During AHPT in LT using NHPs, it is necessary to block blood flow in 2 ways, namely, PV flow from the mesenteric veins and vena cava flow from the lower extremities. Since the inferior vena cava (IVC) is embedded in the liver parenchyma in NHPs, an IVC replacement technique is inevitable. However, during IVC reconstruction, blood flow from the lower extremities is blocked, and since collateral circulation of the PV is not developed in healthy NHPs, blood flow from mesenteric veins is also blocked. To solve this problem, veno-veno bypass has been successfully used in previous studies [812]. However, veno-veno bypass is difficult to perform in NHPs because of the small size of vessels. Oura et al. [7] performed NHP LT using an SMA clamping technique, and reported that early-reperfusion technique without SMA clamping yields a 24-hour survival rate of 33.3% (3 of 9). In their study, the AHPT was longer than 40 minutes in both groups. However, in the present study, the median AHPT was 31 minutes and the 24-hour survival rate was 80% (4 of 5) in the early-reperfusion group. Therefore, our results suggest that an AHPT of less than 35 minutes can be tolerated in NHPs.

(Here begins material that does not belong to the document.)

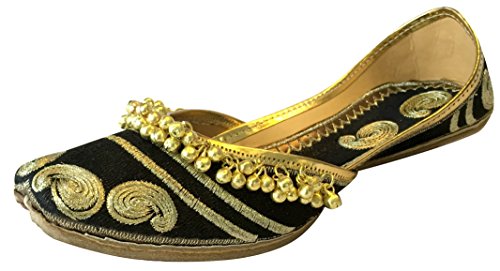 Step n Style Women's Black Ghungroo Punjabi Jutti Handmade Khussa Shoes Ethnic Mojari Flat Ballerina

To reduce the complexity of performing anastomoses and reduce operating time, it is important to clearly expose the IVC on the recipient side. Obtaining this exposure and opening the space where the graft aorta conduit is placed can be achieved using Kocherization. This technique also renders the surgical field shallower, enabling surgeons to move their hands more easily.

There are several limitations of this study. We could not avoid the bias from the proficiency. However, the operator had already had sufficient experience of kidney transplantation in cynomolgus monkeys and LT in human. Three cases including all cases of non-early reperfusion did not have survived for 24 hours after LT. Therefore, comparing immediate postoperative liver function between 2 groups was impossible. One recipient showed normal liver enzyme level (normal range: AST, 20–57 mg/dL; ALT, 23–61 mg/dL) 14 days after LT. We are planning to follow up the liver vascular structure with Doppler ultrasonography based on the previously reported normal findings [13].

In conclusion, the LT model introduced in this study with cynomolgus monkeys represents a promising tool for transplantation research, and can be applied using the technique described.